A Better Web Cache Timing Attack

I've been thinking on whether I should bother writing an actual paper on this or not, but when I found that Princeton had already written a pretty decent paper on Web Cache timing attacks back in 2000, which you can find here: http://www.cs.princeton.edu/sip/pub/webtiming.pdf I decided against it.

If you read the paper you will see that the attack relies on the user of two images to determine if the images are cached by determining if there is a dramatic change in loading times between getting the timing for one image, then loading a page which caches both images, and then getting the timing for the second image. If there is a significant difference, then then the first image had not been cached, and they had therefore not visited the page; whereas if there was no significant difference then the image was already cached, and therefore the page had been viewed before.

Now, this suffers from the fact that you do actually need two images which are ONLY displayed together, because otherwise your results will be erroneous, and not only that; but it requires that the images are approximately the same size so that your inferences about cache state are accurate.
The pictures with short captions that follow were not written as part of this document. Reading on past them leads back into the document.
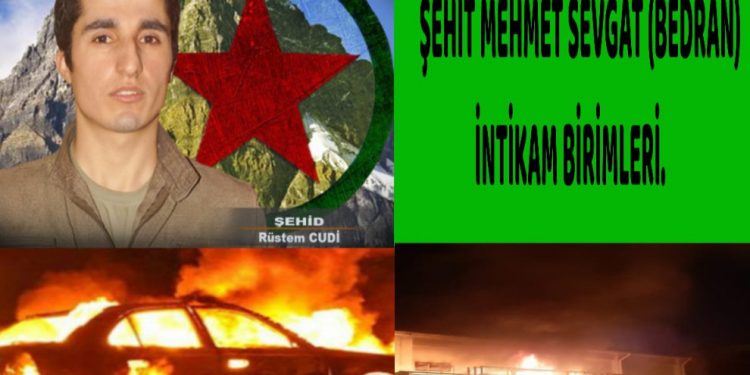 LEZGÎN – Yekîneyên Tolhildanê  ya Şehîd Mehmet Sevgat li Îzmîrê du çalakî kirin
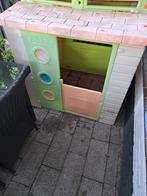 Feber kinder speelhuis, kinder tuinhuis, Kinderen en Baby's, Speelgoed | Buiten | Speelhuisjes, Ophalen, Gebruikt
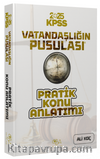 2025 KPSS Vatandaşlık Vatandaşlığın Pusulası Pratik Konu Anlatımı 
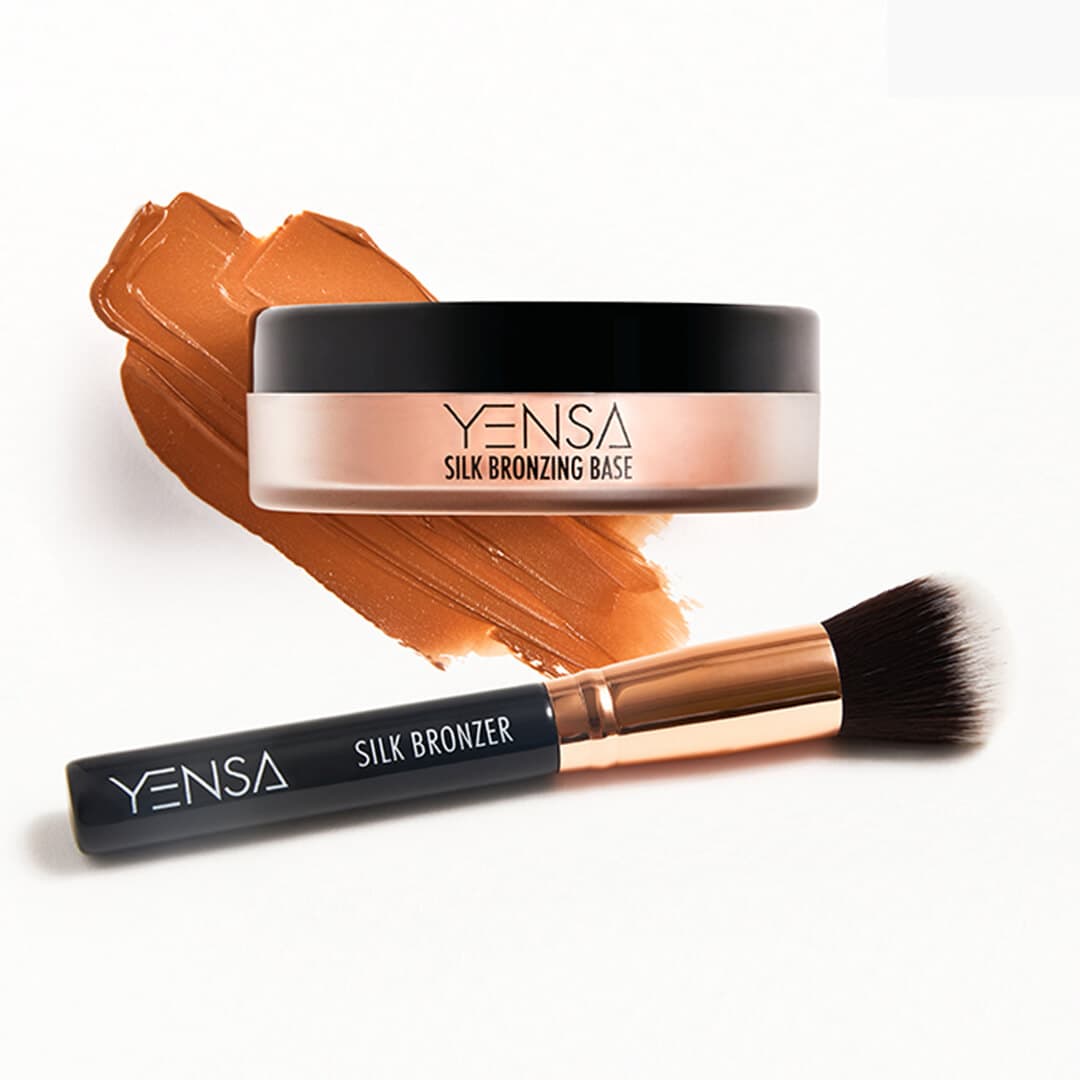 YENSA Silk Bronzing Base and Brush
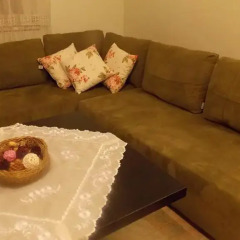 Апартаменты Botanic Park Apartments Тирана комната для гостей фото 5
A much better solution is to be able to determine the time it takes to retrieve a cached and non-cached version of an image by supplying request parameters, e.g. http://www.example.com/image?test=123456

The first thing we do is generate a random request string, and make a request for that image, and we now have the approximate time it should take to get the image when it is not cached, and we then make a second request to see how long the image takes to load when it is cached, and by generating a large amount of query strings to test we can get more accurate amounts.

We then make a request for the image without any request parameters and see which averaged value it is closer to, and then determine cache state.

This benefits from the fact that not only does there only need to be one image, and we can therefore find a page with a large photo or similar to give us a greater margin for error, but we also do not need to find a page with two images of equal size because we will always be making requests for the same size image.

Sadly not quite as effective as the attack against the SafeCache extension, but that's why its a timing attack I guess, :)

3 comments:

Sid Stamm said...

Something related to what you discuss will be published at the 16th annual WWW conference

kuza55 said...

That's interesting, do you know if there will be video or audio of the talk available afterwards? Or any other kinds of material?

Sid Stamm said...

There probably will only be a publication and possibly a set of slides, unless they arrange to video tape it. The conference is pretty large.

Consider watching the authors' web sites for material that will probably be posted shortly after the conference.